There were several speaking programs that my mom and I skipped because I didn’t want to hear them. I struggle listening about people who have passed away. I don’t feel out of the woods enough to have survivor’s guilt yet, but hearing about others’ losses makes me anxious about my own prognosis.
I was happy to make it about a mile and a half. I haven’t walked very far since early on in the beginning of my treatment because of fatigue. The last time I walked a mile was probably sometime in June. I only had to sit down once. Next year I will absolutely make it the 2 miles.
As far as other life updates: My mom is in town until Sunday. Hooray! We saw my grandparents yesterday and my brother and his wonderful girlfriend, Mary, today.
I did indeed fly in a plane a few weeks ago. And I didn’t cry! It was pretty cloudy so we weren’t up for very long.

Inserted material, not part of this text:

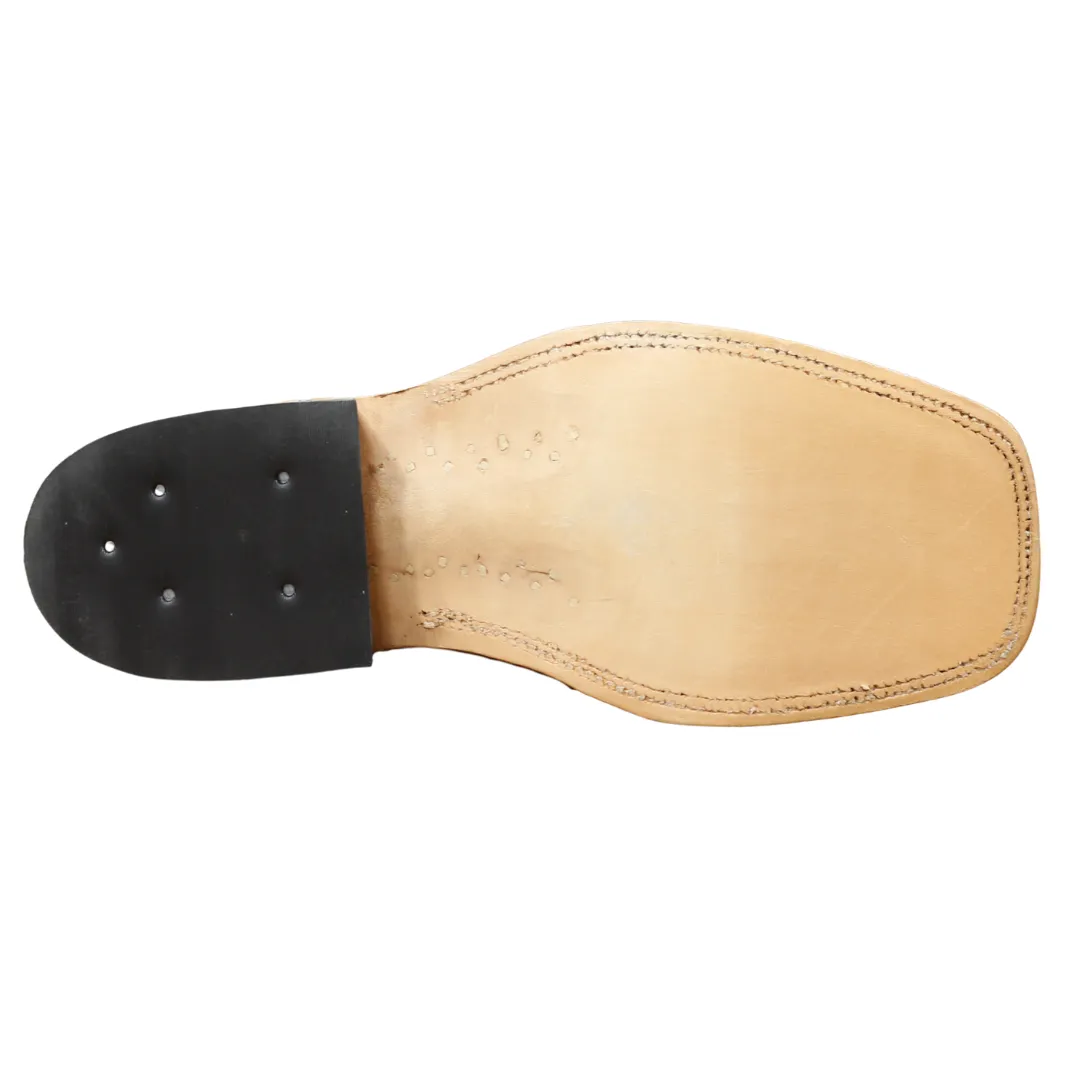 Anderson Bean Charcoal Extra Suede with Lava Blue Top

Good news: I think I identified the root of my phobia of flying. I have no control in a commercial airliner. Now, I don’t have any control in a Cessna either, but I can see the cockpit and instruments, watch the pilot (though Will’s concentration face was making me panic a little), and I have my own headset so I can hear everything that’s going on. Not to mention that I feel like I can jump out if I need to. No one is saying my phobia is moored in reality. It was nice to not feel like I was one step away from being carted off to a psych ward when on a plane. Maybe this is one step to getting over the fear. Unfortunately, I didn’t get any pictures inside of the plane or when we were up in the air because I was scared of taking pictures with my phone due to the conditioning from commercial flights. Really, I tend to think that’s mostly security theatre since if any plane instrumentation is going to go haywire due to cell phone signals, it’s a Cessna, but I wasn’t taking that chance.